Common Regular Expression Usage for Python Web Scraping

Regular Expression Patterns

Regex patterns use special syntax to define matching rules. The following table lists common special syntax elements, note that some meanings may change when using optional flags.

Pattern Description
^ Matches the start of a string
$ Matches the end of a string
. Matches any single character except newline; when using re.DOTALL flag, matches all characters including newlines
[chars] Defines a character set, e.g., [amk] matches a, m, or k
[^chars] Matches any character not in the set, e.g., [^abc] matches anything except a, b, c
re* Matches 0 or more occurrences of the preceding expression
re+ Matches 1 or more occurrences of the preceding expression
re?
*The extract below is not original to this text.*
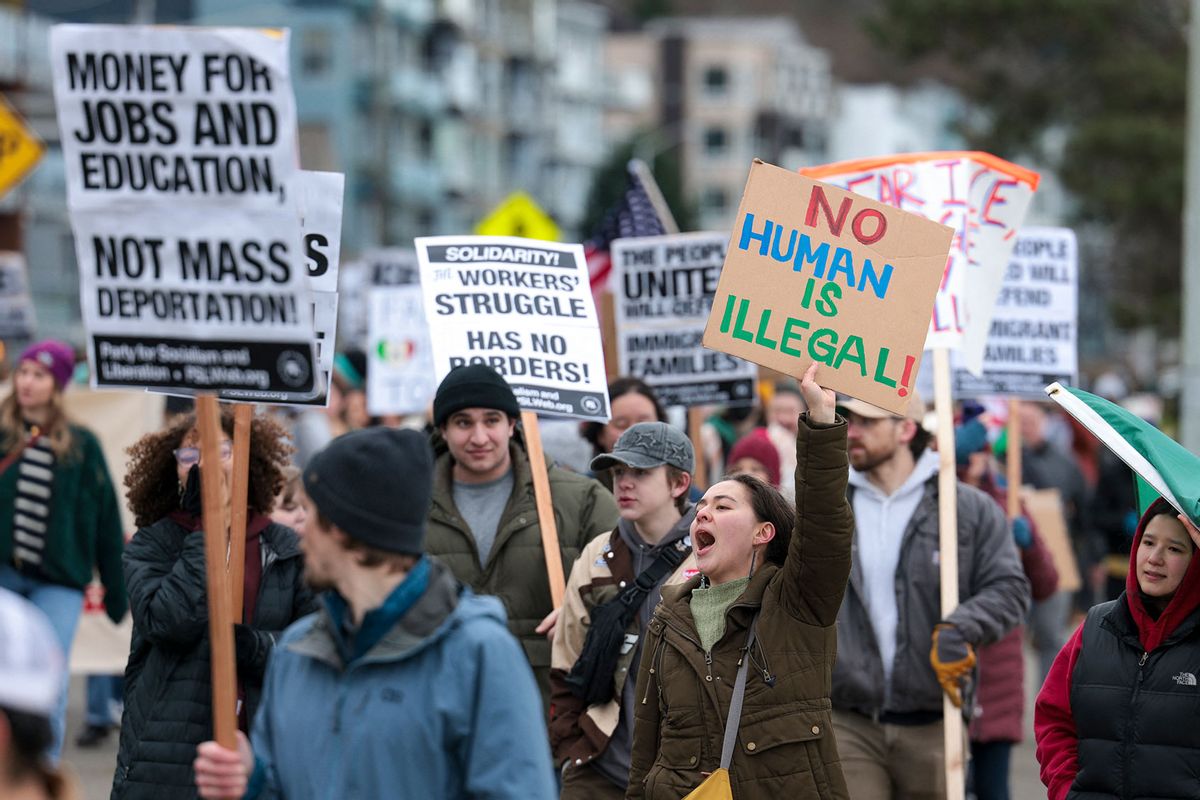People hold signs during a march against Immigration and Customs Enforcement (ICE) entitled "Get our Gente Out of Guantanamo Bay!" in Seattle, Washington, on February 8, 2025. (JASON REDMOND/AFP via Getty Images)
Matches 0 or 1 occurrence of the preceding expression, uses non-greedy matching
re{n} Matches exactly n occurrences of the preceding expression
re{n,} Matches at least n occurrences of the preceding expression
re{n,m} Matches between n and m occurrences of the preceding expression, uses greedy matching by default
`a b`
(re) Matches the enclosed expression and creates a capturing group
(?imx) Enables i, m, or x flags only within the parentheses
(?-imx) Disables i, m, or x flags only within the parentheses
(?: re) Matches the enclosed expression without creating a capturing group
(?imx: re) Enables i, m, or x flags for the enclosed expression within parentheses
(?-imx: re) Disables i, m, or x flags for the enclosed expression within parentheses
(?# comment) Adds a comment ignored by the regex engine
(?= re) Positive lookahead: matches sucessfully if the enclosed expression is found at current position, without advancing the matching position
(?! re) Negative lookahead: matches successfully if the enclosed expression is NOT found at current position
(?> re) Matches as an independent pattern to avoid backtracking
\w Matches alphanumeric characters and underscores
\W Matches non-alphanumeric, non-underscore characters
\s Matches any whitespace character, equivalent to [\t\n\r\f]
\S Matches any non-whitespace character
\d Matches any digit, equivalent to [0-9]
\D Matches any non-digit character
\A Matches the absolute start of a string
\Z Matches the absolute end of a string; if a newline exists, matches up to before the newline
\z Matches the absolute end of a string regardless of newlines
\G Matches at the position where the last match ended
\b Matches a word boundary, e.g., er\b matches er in "never" but not in "verb"
\B Matches a non-word boundary, e.g., er\B matches er in "verb" but not in "never"
\n, \t, etc. Matches newline, tab, and other whitespace escape sequences
\1-\9 Matches the content of the nth capturing group
\10 Matches the 10th capturing group if it exists; otherwise matches an octal character code

Common Special Character Classes

Example Description
. Matches any single character except \n; use [.\n] to match including newlines
\d Matches a single digit, equivalent to [0-9]
\D Matches a single non-digit character, equivalent to [^0-9]
\s Matches any whitespace character including spaces, tabs, form feeds, etc., equivalent to [ \f\n\r\t\v]
\S Matches any non-whitespace character, equivalent to [^ \f\n\r\t\v]
\w Matches any word character including underscores, equivalent to [A-Za-z0-9_]
\W Matches any non-word character, equivalent to [^A-Za-z0-9_]

Common Regex Modifiers

Flag Purpose
re.I Makes matching case-insensitive
re.L Performs locale-aware matching
re.M Enables multi-line matching, affects ^ and $
re.S Makes . match all characters including newlines
re.U Parses characters according to Unicode standards, affects \w, \W, \b, \B
re.X Allows more flexible formatting for readable regex writing

The most commonly used modifiers for web scraping are re.S and re.I.

Using Python's re Module

Python's standard re library implements full regex functionality, allowing you to use regex patterns in Python code.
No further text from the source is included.